ある種、期待するわけよ。78歳の失明しかけているウルグアイから移民してきた爺さんホルヘ・ボラーニが、23歳の孫のような娘ガブリエラ・ポエステルと添い遂げるんじゃないかって。ところが、あにはからんや、至極まともな結末に向かっていくんだな。これが現実なんだろうし、でもまあ、かつての三角関係の恋焦がれていた彼女とやっぱり結ばれちゃうわけだから、ちょっとの夢だったのかもしれないねって話になるんだけど、でもなあ、なんとなく物足りなさを感じちゃうのはぼくだけなんだろうか?実際、ブエノスアイレスへひきとられていく隣人ホルヘ・デリアもそうおもったにちがいない。
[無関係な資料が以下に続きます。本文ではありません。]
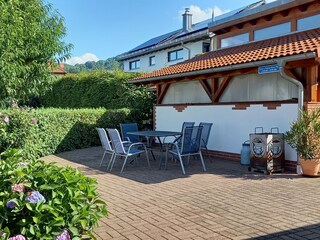 Sitzplatz vor unserem Carport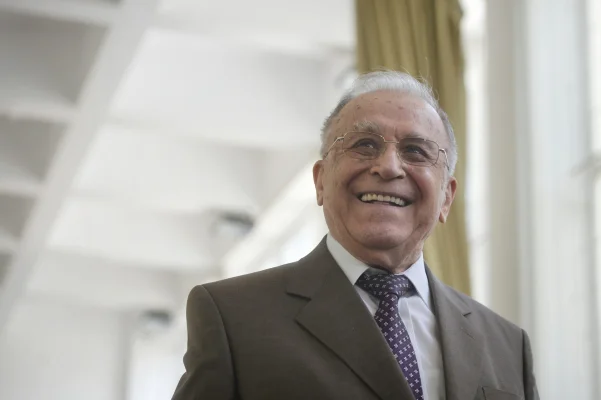 SURSE: Starea de sănătate a lui Ion Iliescu s-a ameliorat ușor. „Este stabil cardiac și conștient”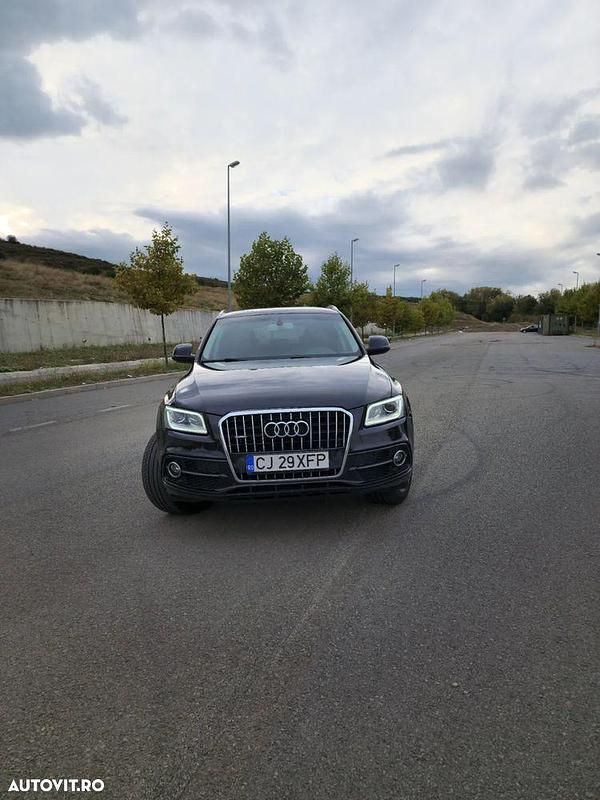 Culoarenegru Utilizat 2014 Audi Q5 S-Line SUV | 15.500 EUR (Scump) - Imagine 1/4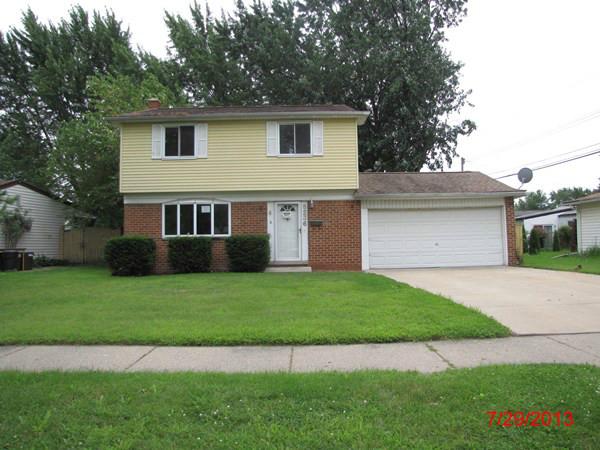 8236 Tinkler Rd, Sterling Heights, Michigan Main Image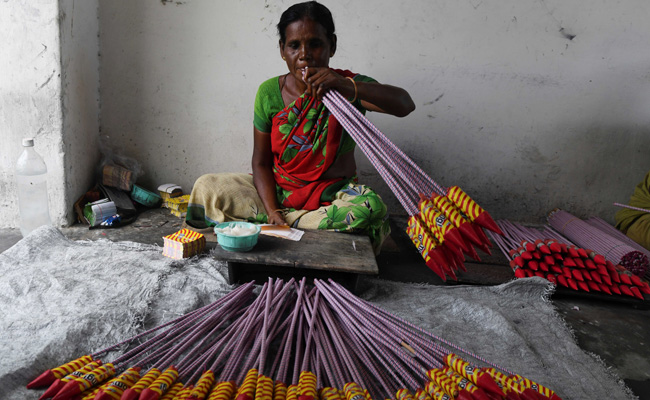 $800 Million Firecracker Industry In Tamil Nadu's Sivakasi Hit By Anti-Pollution Drive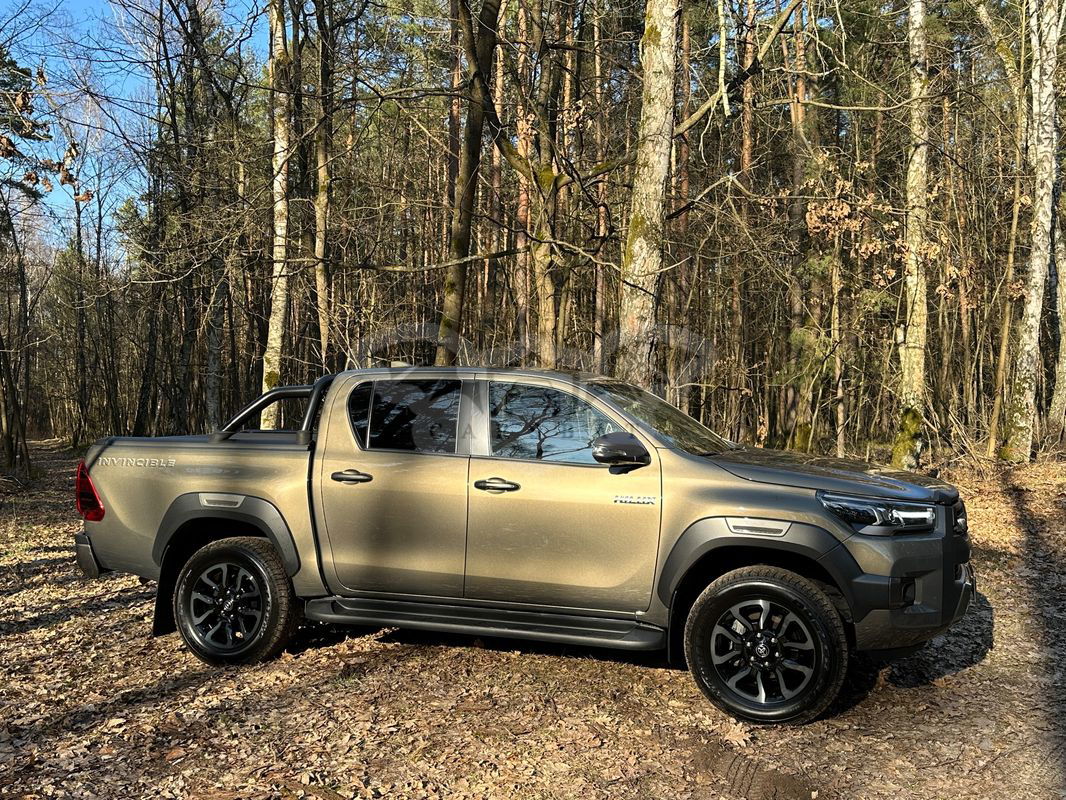Toyota Hilux 2.8 D-4D Double Cab Invincible 4x4 2022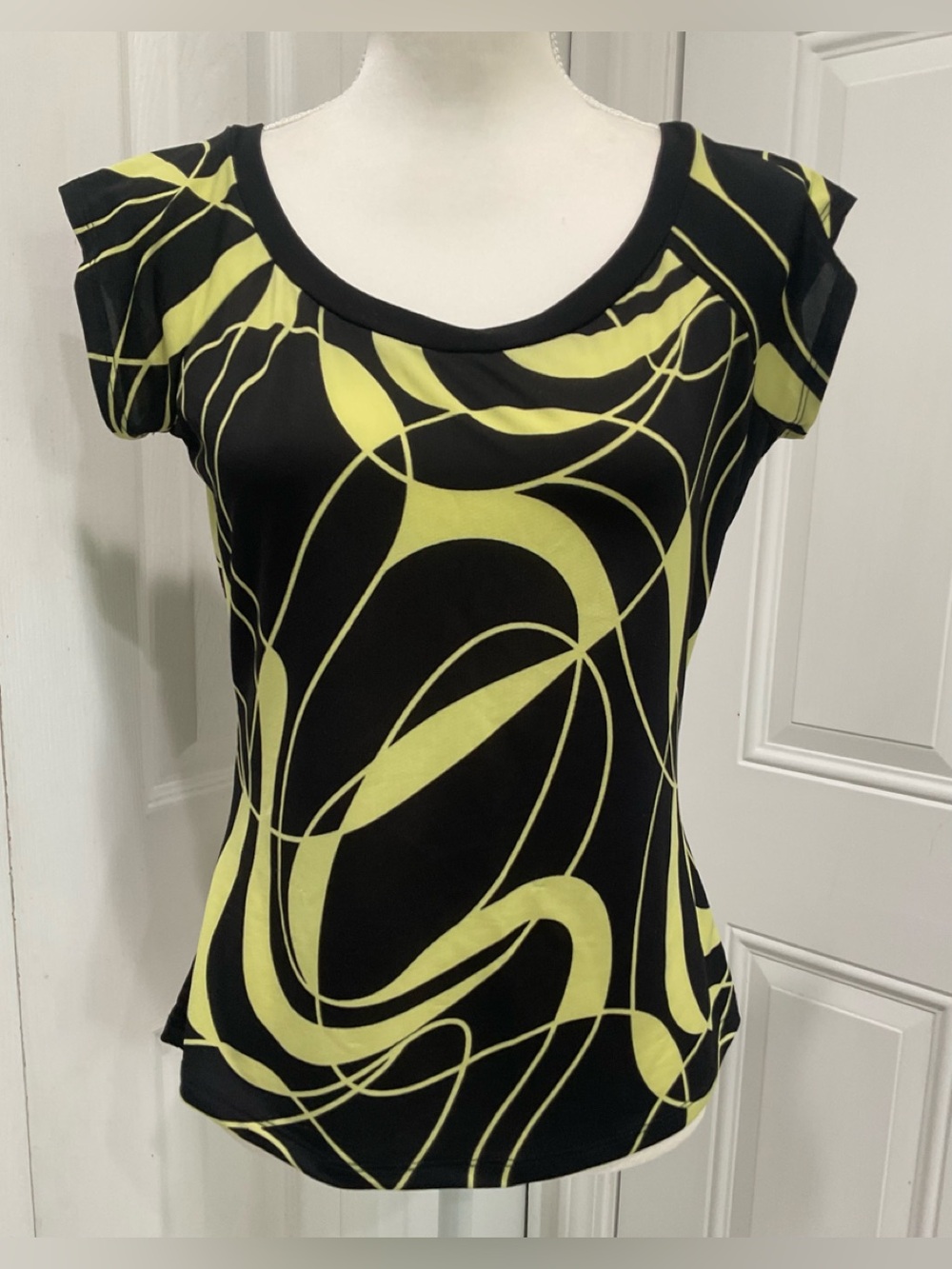 🌼 MKM Designs Polyester/Spandex Cap Sleeves Top, Size L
手紙の代読と代書っていうのは、いいきっかけだ。これはいい。また、にわかに知り合いになった娘がやけに好い子で、その裏にはなにかあるんじゃないかって、こいつはくわせものだぜっておもいながらも、老人のゆとりを見せて小さな窃盗はやめさせ、更生させようとしていくんだけど、でもこの女優くずれは男運が悪く、これまで人を好きになったことがないとかっていうわりには男に騙され、脅され、尽くしてるわけで、それがやがて独り立ちしていくっていう筋書きなんだけど、もうすこし、ひとひねりできなかったんだろうかって気にもなる。せっかく、行くところがなくて、アパートの息子ジュリオ・アンドラーヂの部屋をあてがってやるんだから。
やっぱりこのあたりがアナ・ルイーザ・アゼヴェードのまじめな演出なんだろうな。